## About this task
Excluding all pictures, please output the listing exactly.
** Data provided follows **
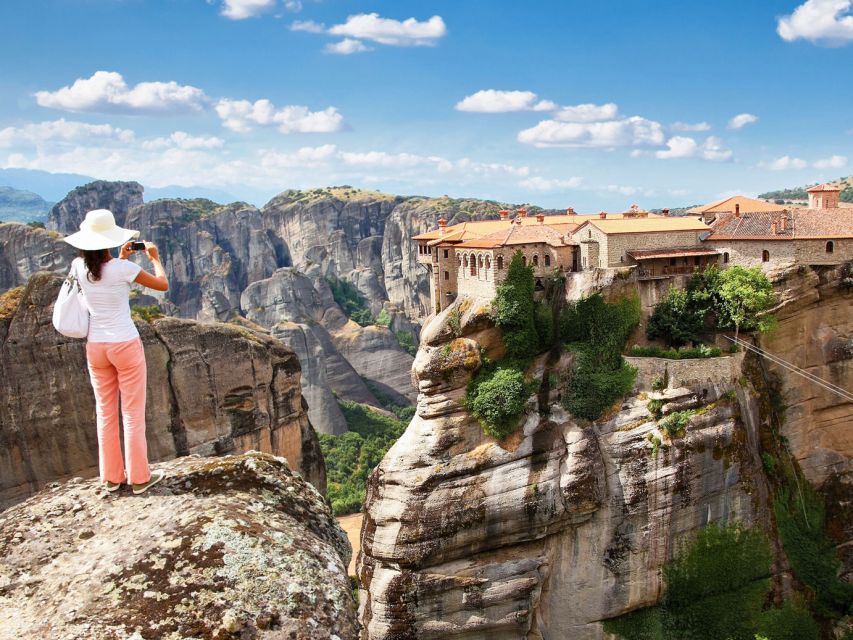 Kalabaka: Meteora Private Day Tour With a Local Guide - Important Information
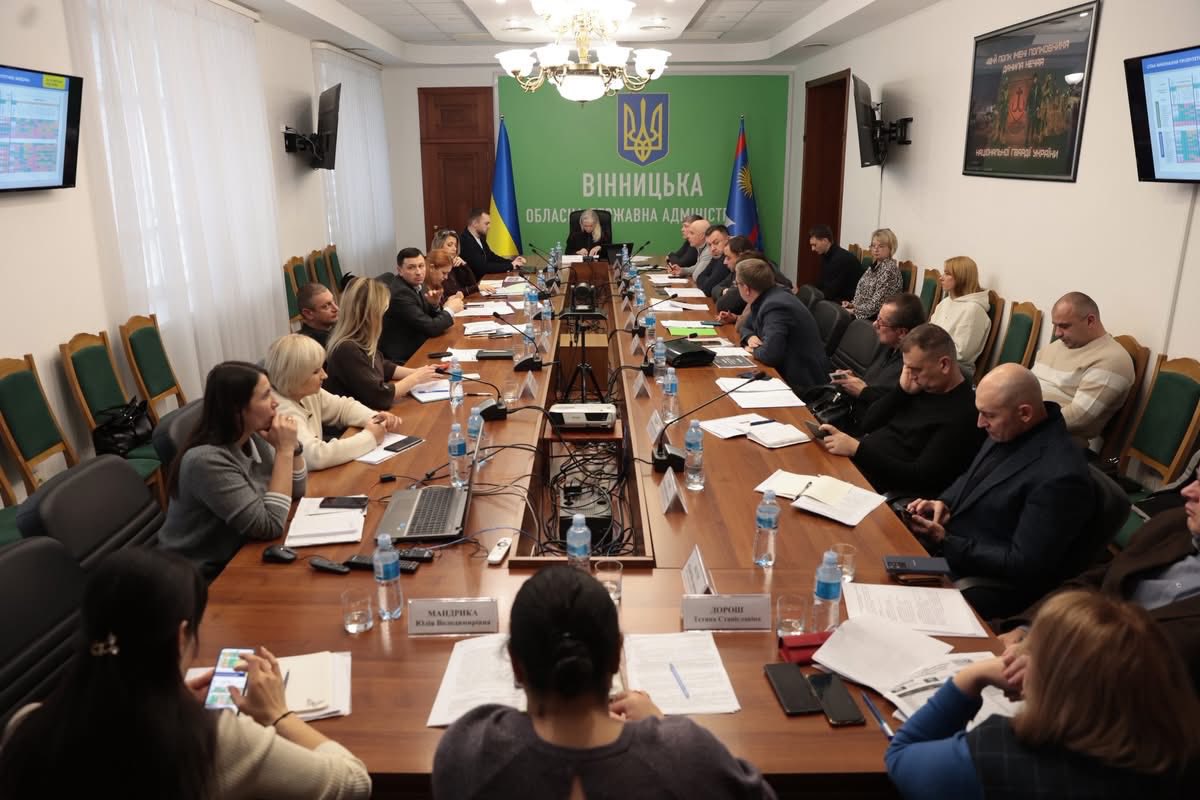 Перша заступниця начальника ОВА Наталя Заболотна та учасники заходу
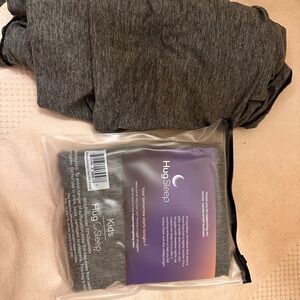 Hug Sleep Kids Wearable Blanket graphite, one NWT unopened one used once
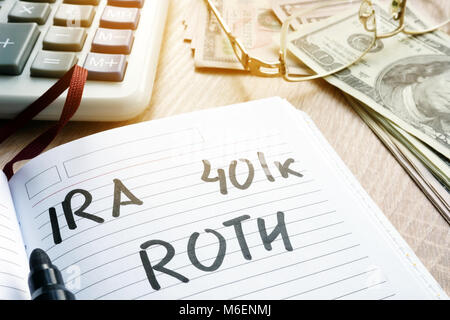 Worte, die IRA 401k Roth in einer handschriftlichen Notiz. Altersvorsorge. Stockfoto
** End of Data provided **
## Answer for this exercise
 Kalabaka: Meteora Private Day Tour With a Local Guide - Important Information
 Перша заступниця начальника ОВА Наталя Заболотна та учасники заходу
 Hug Sleep Kids Wearable Blanket graphite, one NWT unopened one used once
 Worte, die IRA 401k Roth in einer handschriftlichen Notiz. Altersvorsorge. Stockfoto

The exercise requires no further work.